* Recorded information:
——————————

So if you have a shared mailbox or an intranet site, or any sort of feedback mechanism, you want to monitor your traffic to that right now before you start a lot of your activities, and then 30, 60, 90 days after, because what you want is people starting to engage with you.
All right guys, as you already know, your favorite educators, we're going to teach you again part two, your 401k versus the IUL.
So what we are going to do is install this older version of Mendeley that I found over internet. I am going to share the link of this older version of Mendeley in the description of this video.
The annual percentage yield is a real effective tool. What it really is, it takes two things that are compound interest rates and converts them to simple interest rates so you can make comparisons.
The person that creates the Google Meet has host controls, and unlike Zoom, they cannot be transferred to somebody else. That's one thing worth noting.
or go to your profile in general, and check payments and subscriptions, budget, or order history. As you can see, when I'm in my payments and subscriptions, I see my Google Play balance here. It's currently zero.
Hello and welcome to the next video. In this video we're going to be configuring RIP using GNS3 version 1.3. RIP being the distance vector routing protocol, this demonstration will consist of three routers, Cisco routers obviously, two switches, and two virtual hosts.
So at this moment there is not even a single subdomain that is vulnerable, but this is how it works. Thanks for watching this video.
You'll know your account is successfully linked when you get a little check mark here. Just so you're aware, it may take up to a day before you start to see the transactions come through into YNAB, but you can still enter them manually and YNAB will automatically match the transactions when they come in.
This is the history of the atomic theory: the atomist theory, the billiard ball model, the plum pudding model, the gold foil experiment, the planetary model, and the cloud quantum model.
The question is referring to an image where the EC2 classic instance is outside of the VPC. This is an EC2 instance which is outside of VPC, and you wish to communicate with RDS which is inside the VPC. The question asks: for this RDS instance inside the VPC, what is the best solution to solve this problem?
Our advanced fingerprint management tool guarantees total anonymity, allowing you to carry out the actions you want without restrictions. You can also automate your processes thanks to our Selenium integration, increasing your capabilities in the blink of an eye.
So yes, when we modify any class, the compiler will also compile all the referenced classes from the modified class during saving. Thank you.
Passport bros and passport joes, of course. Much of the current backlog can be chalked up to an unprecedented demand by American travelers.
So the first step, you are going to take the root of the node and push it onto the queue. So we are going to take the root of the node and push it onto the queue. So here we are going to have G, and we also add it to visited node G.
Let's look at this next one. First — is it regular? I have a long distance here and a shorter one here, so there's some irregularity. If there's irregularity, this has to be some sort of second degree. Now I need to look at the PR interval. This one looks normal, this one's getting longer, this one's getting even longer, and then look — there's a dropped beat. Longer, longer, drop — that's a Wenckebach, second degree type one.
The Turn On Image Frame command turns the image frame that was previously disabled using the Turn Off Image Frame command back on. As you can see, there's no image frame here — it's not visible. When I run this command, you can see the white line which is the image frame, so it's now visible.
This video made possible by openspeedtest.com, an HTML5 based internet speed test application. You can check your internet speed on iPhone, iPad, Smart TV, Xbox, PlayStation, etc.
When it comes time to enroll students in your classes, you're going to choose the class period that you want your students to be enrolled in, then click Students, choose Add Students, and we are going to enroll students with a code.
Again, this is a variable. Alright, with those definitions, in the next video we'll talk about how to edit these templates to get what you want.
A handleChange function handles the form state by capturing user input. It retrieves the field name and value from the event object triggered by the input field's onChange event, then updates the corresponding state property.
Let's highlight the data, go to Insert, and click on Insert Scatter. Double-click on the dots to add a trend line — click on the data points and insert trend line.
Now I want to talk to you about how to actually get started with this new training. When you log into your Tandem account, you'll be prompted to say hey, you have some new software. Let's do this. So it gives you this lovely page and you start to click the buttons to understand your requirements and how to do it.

——————————

* Exercise details: Repeat the records, every one of them, without any deviation.

* Task solution:
So if you have a shared mailbox or an intranet site, or any sort of feedback mechanism, you want to monitor your traffic to that right now before you start a lot of your activities, and then 30, 60, 90 days after, because what you want is people starting to engage with you.
All right guys, as you already know, your favorite educators, we're going to teach you again part two, your 401k versus the IUL.
So what we are going to do is install this older version of Mendeley that I found over internet. I am going to share the link of this older version of Mendeley in the description of this video.
The annual percentage yield is a real effective tool. What it really is, it takes two things that are compound interest rates and converts them to simple interest rates so you can make comparisons.
The person that creates the Google Meet has host controls, and unlike Zoom, they cannot be transferred to somebody else. That's one thing worth noting.
or go to your profile in general, and check payments and subscriptions, budget, or order history. As you can see, when I'm in my payments and subscriptions, I see my Google Play balance here. It's currently zero.
Hello and welcome to the next video. In this video we're going to be configuring RIP using GNS3 version 1.3. RIP being the distance vector routing protocol, this demonstration will consist of three routers, Cisco routers obviously, two switches, and two virtual hosts.
So at this moment there is not even a single subdomain that is vulnerable, but this is how it works. Thanks for watching this video.
You'll know your account is successfully linked when you get a little check mark here. Just so you're aware, it may take up to a day before you start to see the transactions come through into YNAB, but you can still enter them manually and YNAB will automatically match the transactions when they come in.
This is the history of the atomic theory: the atomist theory, the billiard ball model, the plum pudding model, the gold foil experiment, the planetary model, and the cloud quantum model.
The question is referring to an image where the EC2 classic instance is outside of the VPC. This is an EC2 instance which is outside of VPC, and you wish to communicate with RDS which is inside the VPC. The question asks: for this RDS instance inside the VPC, what is the best solution to solve this problem?
Our advanced fingerprint management tool guarantees total anonymity, allowing you to carry out the actions you want without restrictions. You can also automate your processes thanks to our Selenium integration, increasing your capabilities in the blink of an eye.
So yes, when we modify any class, the compiler will also compile all the referenced classes from the modified class during saving. Thank you.
Passport bros and passport joes, of course. Much of the current backlog can be chalked up to an unprecedented demand by American travelers.
So the first step, you are going to take the root of the node and push it onto the queue. So we are going to take the root of the node and push it onto the queue. So here we are going to have G, and we also add it to visited node G.
Let's look at this next one. First — is it regular? I have a long distance here and a shorter one here, so there's some irregularity. If there's irregularity, this has to be some sort of second degree. Now I need to look at the PR interval. This one looks normal, this one's getting longer, this one's getting even longer, and then look — there's a dropped beat. Longer, longer, drop — that's a Wenckebach, second degree type one.
The Turn On Image Frame command turns the image frame that was previously disabled using the Turn Off Image Frame command back on. As you can see, there's no image frame here — it's not visible. When I run this command, you can see the white line which is the image frame, so it's now visible.
This video made possible by openspeedtest.com, an HTML5 based internet speed test application. You can check your internet speed on iPhone, iPad, Smart TV, Xbox, PlayStation, etc.
When it comes time to enroll students in your classes, you're going to choose the class period that you want your students to be enrolled in, then click Students, choose Add Students, and we are going to enroll students with a code.
Again, this is a variable. Alright, with those definitions, in the next video we'll talk about how to edit these templates to get what you want.
A handleChange function handles the form state by capturing user input. It retrieves the field name and value from the event object triggered by the input field's onChange event, then updates the corresponding state property.
Let's highlight the data, go to Insert, and click on Insert Scatter. Double-click on the dots to add a trend line — click on the data points and insert trend line.
Now I want to talk to you about how to actually get started with this new training. When you log into your Tandem account, you'll be prompted to say hey, you have some new software. Let's do this. So it gives you this lovely page and you start to click the buttons to understand your requirements and how to do it.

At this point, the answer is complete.